The End of Job Boards? Perhaps Not

The acquisitions of major job sites like Monster and CareerBuilder rattled the industry. “No doubt you have heard doomsayers predicting the death of job boards,” Jessica Nettleton wrote in a 2017 piece for TLNT. “You also likely realize that the boards are still an important part of a diversified recruitment strategy. However, while the boards may not be dying, the landscape definitely is changing. If you are responsible for recruitment strategy ROI, it’s important to stay abreast of trends.”

Nettleton makes a strong point. Dice, for example, isn’t going away. But it has recognized the need to change. Candidates are turning to sites that deliver a cleaner search experience. They’re attracted to crisp, pared-down web pages like those in the streamlined version of Craigslist. They’ve come to rely on the immediacy and simplicity of Google’s ability to showcase positions directly through the main search engine. In short, candidates appreciate an uncluttered, mobile-friendly, and targeted system that addresses their needs. The trick is hosting a platform that caters to individuals while encompassing all requirements, all supplier populations, and all clients -- without becoming a general dumping ground for resumes.

All of the motions we’re witnessing at Dice reflect the shifts our entire industry must embrace and pursue. Operating expenses for staffing agencies have soared to 70% of gross margin. Innovation has stagnated. Competition for skilled workers remains fierce and rigorous. But one must wonder, in a world of 7 billion people, whether such shortages really exist -- or if it’s an issue of penetration, coverage, and scale.

A Mansion of Many Rooms

Some organizations place their hopes in refining their talent pools. Pools are nice, but they’re also independent and isolated. We see a new paradigm where platforms combine these pools into a vast talent ocean, brimming with a community of candidates for any role -- an intelligent hiring exchange that invites all talent suppliers, hiring organizations, and candidates to interact, strengthened by enriched data from hundreds of millions of unique profiles. Imagine a mansion. Everyone is welcome to enter and explore the grounds. But every room contains a unique theme and set of furnishings. Eventually, the right parties find each other in the rooms that appeal to their common aspirations, ambitions, and desires.

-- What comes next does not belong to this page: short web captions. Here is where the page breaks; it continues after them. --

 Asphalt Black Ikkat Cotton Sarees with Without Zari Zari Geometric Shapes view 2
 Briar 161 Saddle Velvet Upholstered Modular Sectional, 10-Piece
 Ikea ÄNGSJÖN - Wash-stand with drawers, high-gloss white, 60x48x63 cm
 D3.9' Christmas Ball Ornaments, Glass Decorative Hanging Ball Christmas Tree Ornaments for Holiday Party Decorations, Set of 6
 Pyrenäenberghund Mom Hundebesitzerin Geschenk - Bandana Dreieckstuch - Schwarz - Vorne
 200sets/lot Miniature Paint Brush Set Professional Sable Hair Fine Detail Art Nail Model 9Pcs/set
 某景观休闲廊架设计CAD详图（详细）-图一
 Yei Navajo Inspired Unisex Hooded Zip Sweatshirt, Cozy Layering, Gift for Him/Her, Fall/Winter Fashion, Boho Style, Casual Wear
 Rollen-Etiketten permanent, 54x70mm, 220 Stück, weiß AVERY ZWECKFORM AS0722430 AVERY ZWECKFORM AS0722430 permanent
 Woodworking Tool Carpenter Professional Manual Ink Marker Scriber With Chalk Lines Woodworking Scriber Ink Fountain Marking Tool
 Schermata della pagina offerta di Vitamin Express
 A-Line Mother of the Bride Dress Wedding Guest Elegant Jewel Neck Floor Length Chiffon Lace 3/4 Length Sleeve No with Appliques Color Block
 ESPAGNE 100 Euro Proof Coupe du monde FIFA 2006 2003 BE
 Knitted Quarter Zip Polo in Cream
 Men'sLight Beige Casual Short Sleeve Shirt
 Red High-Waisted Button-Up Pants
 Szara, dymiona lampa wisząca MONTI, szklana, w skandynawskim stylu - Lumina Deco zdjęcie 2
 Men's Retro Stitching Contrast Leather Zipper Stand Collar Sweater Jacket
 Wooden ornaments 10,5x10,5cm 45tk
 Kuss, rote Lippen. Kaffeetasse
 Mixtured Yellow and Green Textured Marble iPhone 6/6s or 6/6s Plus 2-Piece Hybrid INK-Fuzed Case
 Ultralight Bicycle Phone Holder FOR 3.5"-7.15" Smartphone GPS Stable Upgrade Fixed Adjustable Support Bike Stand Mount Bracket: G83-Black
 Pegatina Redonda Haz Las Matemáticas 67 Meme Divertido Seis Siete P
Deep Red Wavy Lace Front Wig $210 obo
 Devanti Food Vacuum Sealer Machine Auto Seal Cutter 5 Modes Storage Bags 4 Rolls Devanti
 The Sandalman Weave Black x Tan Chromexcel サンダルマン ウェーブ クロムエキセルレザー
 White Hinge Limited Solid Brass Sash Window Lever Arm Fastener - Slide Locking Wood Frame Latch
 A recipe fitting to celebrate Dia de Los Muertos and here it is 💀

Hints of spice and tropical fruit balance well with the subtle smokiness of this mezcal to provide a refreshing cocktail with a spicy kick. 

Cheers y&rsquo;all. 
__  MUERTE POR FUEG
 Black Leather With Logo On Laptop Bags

Amazon proved that virtualized, platform-based business models will define the future of commerce. What started as an online bookseller blossomed into a holistic and revolutionary approach to uniting buyers, sellers, and distributors in a centralized exchange for any product. Amazon achieved this by developing a solution stack that integrated modern technology platforms with a multi-sided marketplace and lean operations.

This model inspired the likes of Uber and AirBnB, which have massively disrupted their industries. They took the Amazon concept and further enhanced it by introducing crowd-based structures – the Human Cloud. Customers and providers harmonize in seamless transactions that enhance value, experiences, and economic models to the benefit of all parties.

This is precisely the shift that will reinvent the future of talent acquisition and management strategies. And I think it’s the narrative unfolding at companies like Dice. To go from surviving to thriving, our industry must build a world where the digital cloud and Human Cloud converge, with all parties interacting through a connective talent acquisition ecosystem without constraints. When we develop this fresh model, we need to approach it from a global perspective, where data privacy standards and protections ensure security and compliance. Most of all, we can’t deny that everything has changed -- and will keep changing.

Segregation and boundaries only inhibit us. The solution, I ardently and passionately believe, lies in unity -- a concept I call the talent singularity, where intelligent machines empower intelligent networks that are fueled and optimized by human intelligence.